Inspectorate - FAQs and learning resources

What do I do if I witness animal cruelty?

If you have witnessed animal cruelty, including neglect or abandonment, you should report it via phone (03 9224 2222) or online form to the RSPCA Inspectorate team in the state or territory it took place. 

Can I remain anonymous when making a cruelty report?

Yes, you can remain anonymous. However, to investigate a cruelty complaint, RSPCA Inspectors require reasonable grounds to suspect that an animal cruelty offence has been committed. If you do not provide contact details, our Inspectors cannot gather more information if needed, such as further directions if the property or animal is difficult to locate, which may prevent us taking action.  

Any personal information provided remains strictly confidential and is protected by the Privacy Act 2000 and Privacy Act 1988. The details of the person making the report are never provided to the subject of a report.  

What happens when I make a report?

Based on the information provided to us, all animal cruelty reports are immediately prioritised into one of four categories: 

Critical cases 

Where the welfare of the animal is severely compromised and there is an urgent need to alleviate pain and suffering. We try to respond to these as soon as possible and these cases take priority over all other duties. 

Major cases 

Where the welfare of an animal has been or may be severely compromised and there is a need to take timely action to avoid pain and suffering. These cases are triaged and we respond to these cases as soon as practicable. 

Secondary cases 

Where indications are that the welfare of the animal is only marginally compromised or where the incident is of a less serious nature. We respond as soon as practicable, however major cases are prioritised over these reports. 

Minor cases  

Where indications are that the welfare of the animal is not compromised and where the incident is of a lesser nature. Action may involve local knowledge, a visit when in the area, telephone contact or no action at all. 

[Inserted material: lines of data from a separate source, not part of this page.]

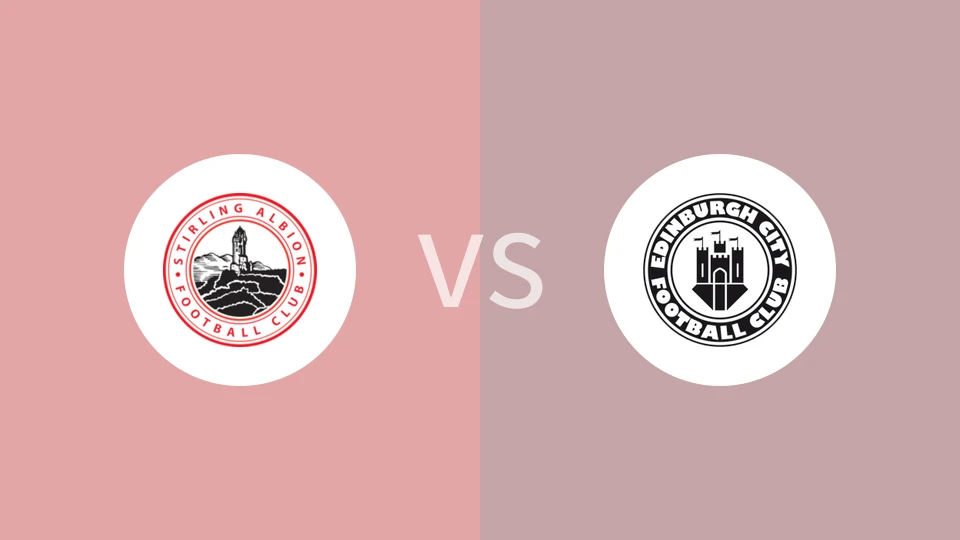 艾比安斯特灵vs爱丁堡城比分预测分析 2025/11/01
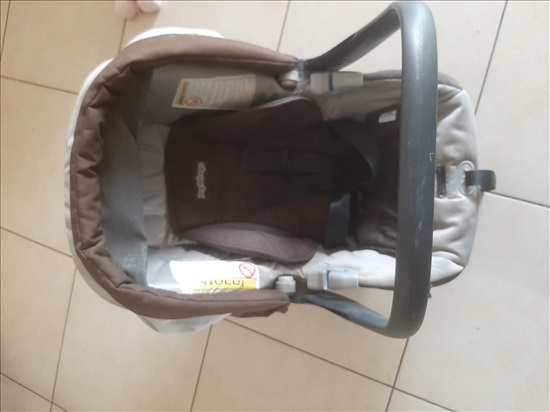 תמונה 3 ,סלקל למכירה בפיית לתינוק ולילד  סלקל
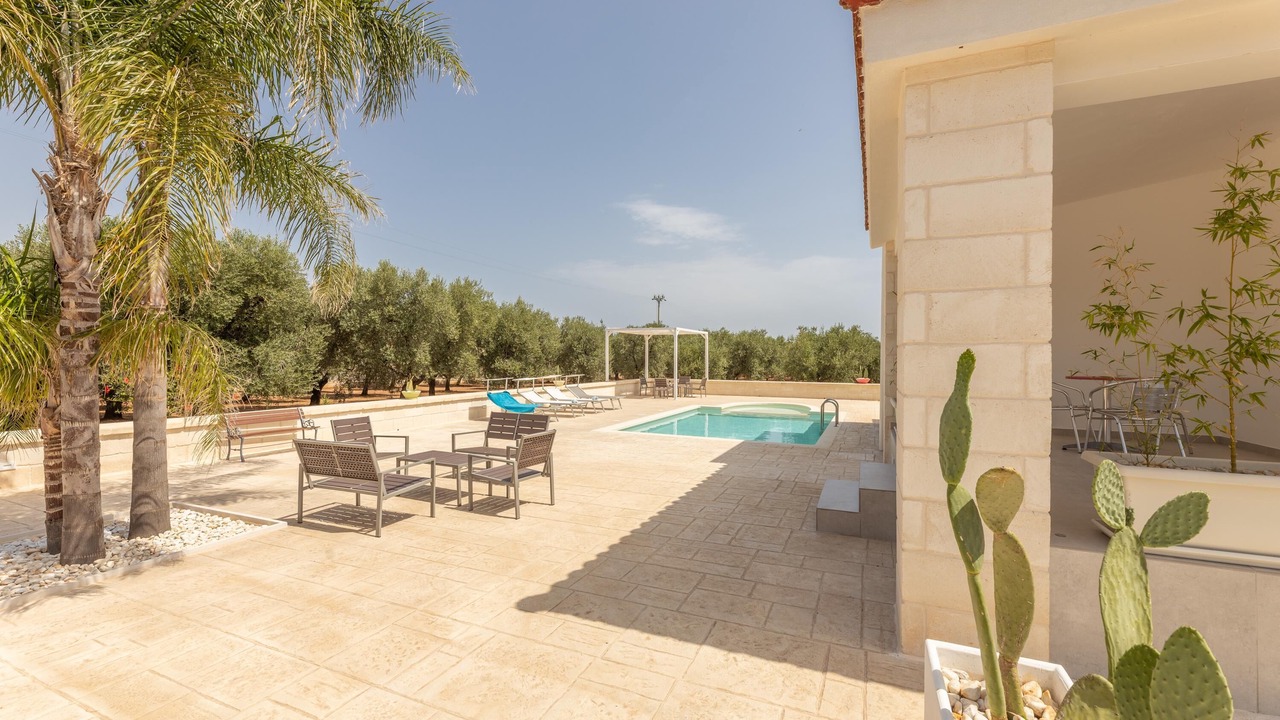 Photo of Outdoor in Pantanagianni-pezze Morelli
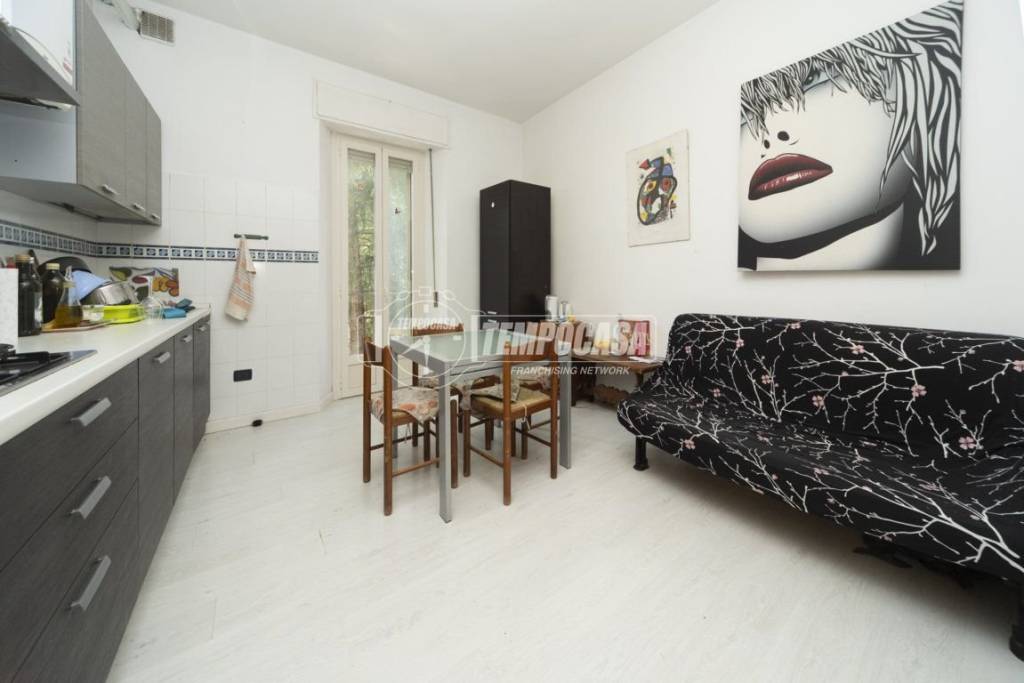 appartamento in vendita a Perugia in zona Santa Lucia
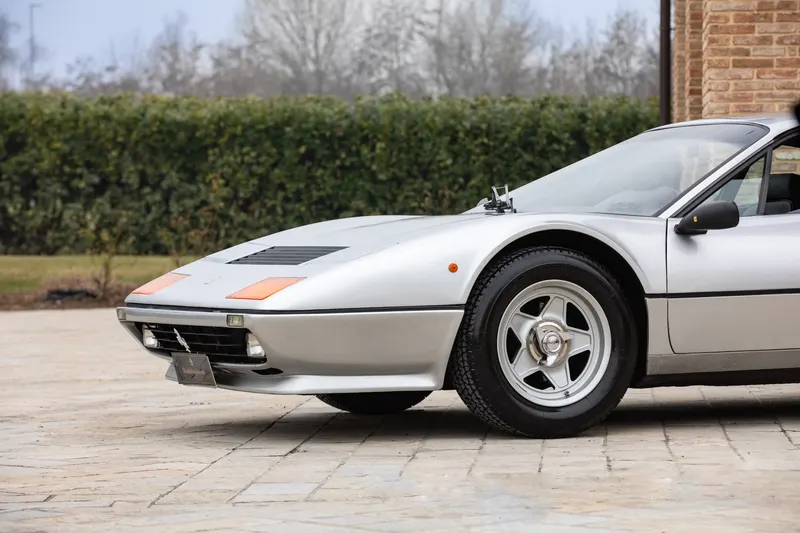 Ferrari 512 BBi 34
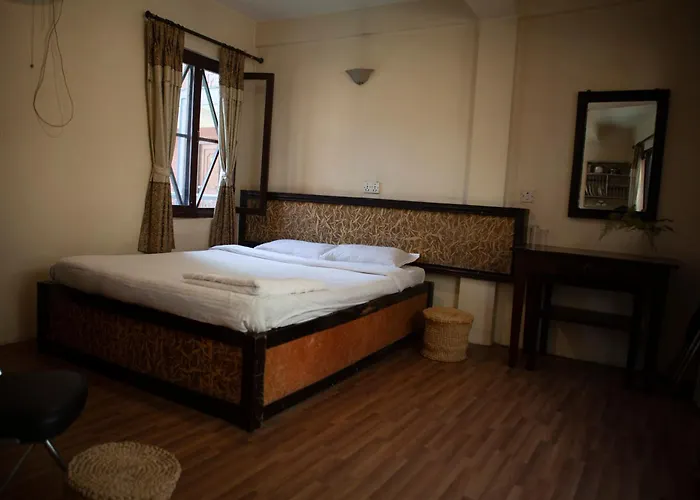 Hotel Northfield
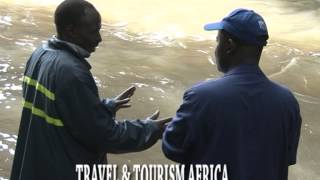 TRAVEL & TOURISM AFRICA  DARAJA LA MUNGU 1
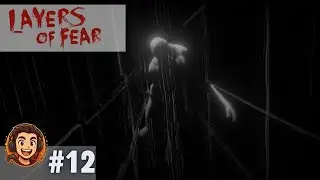 Layers of Fear | Tanzende Mannequins, Tierabteil & er jagt mich wieder | Uncut #12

Will an Inspector visit the property I have reported?

RSPCA Victoria Inspectors will investigate all reports, which in most cases involves a site visit. This will depend on the individual case and circumstances, depending on the priority assigned to the case. In some areas of regional Victoria, we may ask local police or government animal welfare officers to assist. 

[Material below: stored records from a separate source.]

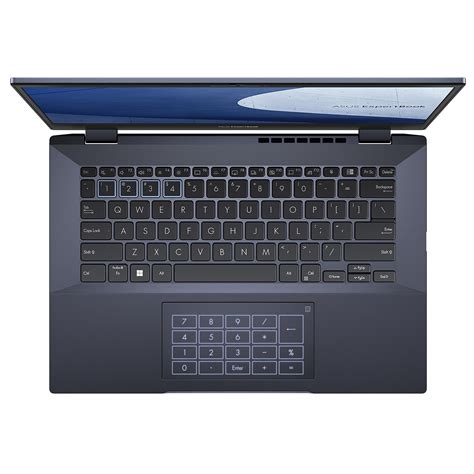 Asus ExpertBook B5 OLED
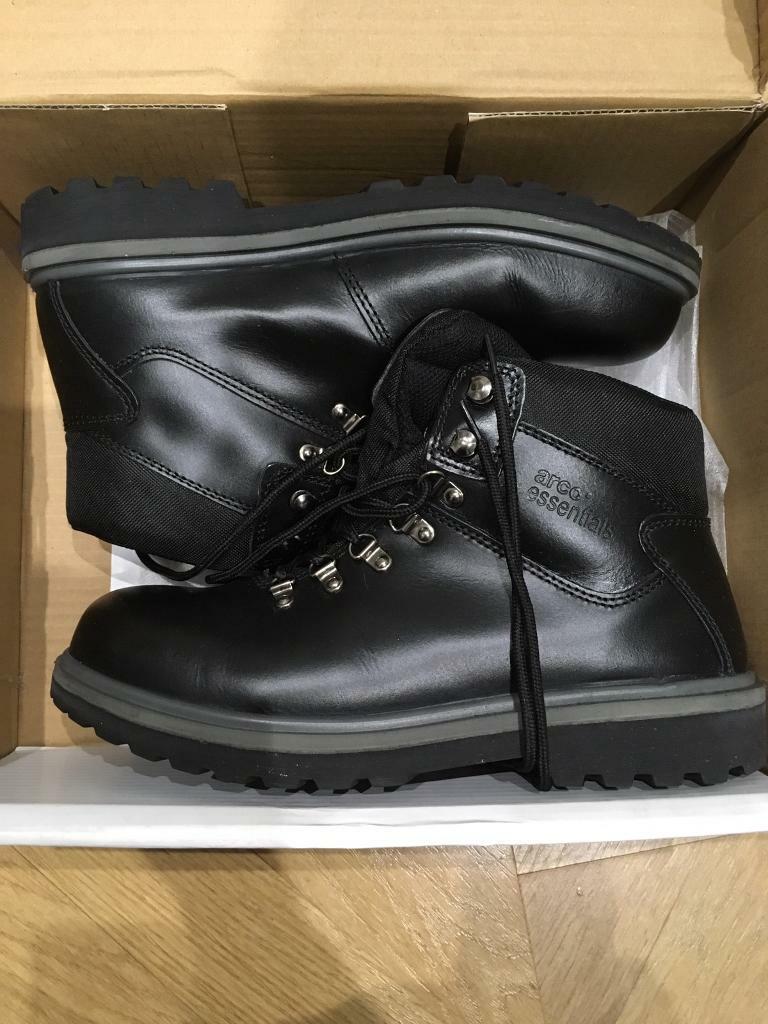arco timberland boots
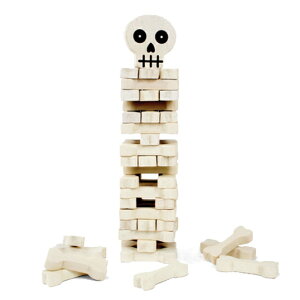 stack the bones �X�^�b�N �U �{�[���Y Kikkerland�L�b�J�[�����h�@�p�[�e�B�[�Q�[���C���e���A�G�݃v���[���g
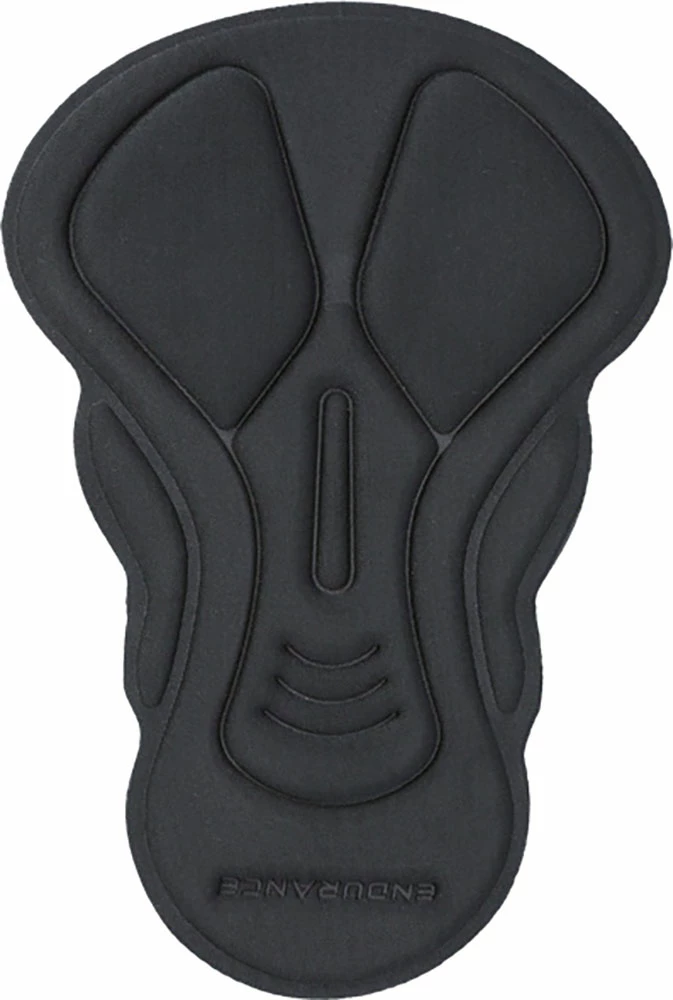 Endurance Jayne - Women's 3/4 Bike Pants With Pad 6 Endurance Jayne - Women's 3/4 Bike Pants With Pad – Image 4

What action will RSPCA take against the animal's owner?

The first priority of RSPCA Inspectors is always animal welfare. 

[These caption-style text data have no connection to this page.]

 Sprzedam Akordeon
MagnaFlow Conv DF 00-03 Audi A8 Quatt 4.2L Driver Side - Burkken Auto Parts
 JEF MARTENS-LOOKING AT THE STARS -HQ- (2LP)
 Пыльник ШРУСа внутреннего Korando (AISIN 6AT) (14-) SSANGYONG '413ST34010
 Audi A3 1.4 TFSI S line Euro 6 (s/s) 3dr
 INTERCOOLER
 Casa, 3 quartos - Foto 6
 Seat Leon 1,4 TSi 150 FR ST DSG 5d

Our mission is to prevent cruelty, so we do seek to educate owners on providing better care for their animals. When that is not possible, we aim to prevent further suffering and place the animal in an environment where they will receive ongoing care and protection. 

Our Inspectors may legally take any of the following actions: 

  • Offer advice and assistance to the owner 
  • Issue a warning letter and follow up with spot checks to ensure the advice and/or recommendations have been implemented 
  • Issue the owner with a Notice to Comply, which requires the owner to take action as instructed by the Inspector 
  • Ongoing engagement and work with the owner for the best outcome for the animal 
  • Seize the animal/s if the Inspector believes that the animal is currently or in immediate danger of suffering harm and there are grounds under POCTAA 
  • Prosecute the owner for a breach of POCTAA or DAA. 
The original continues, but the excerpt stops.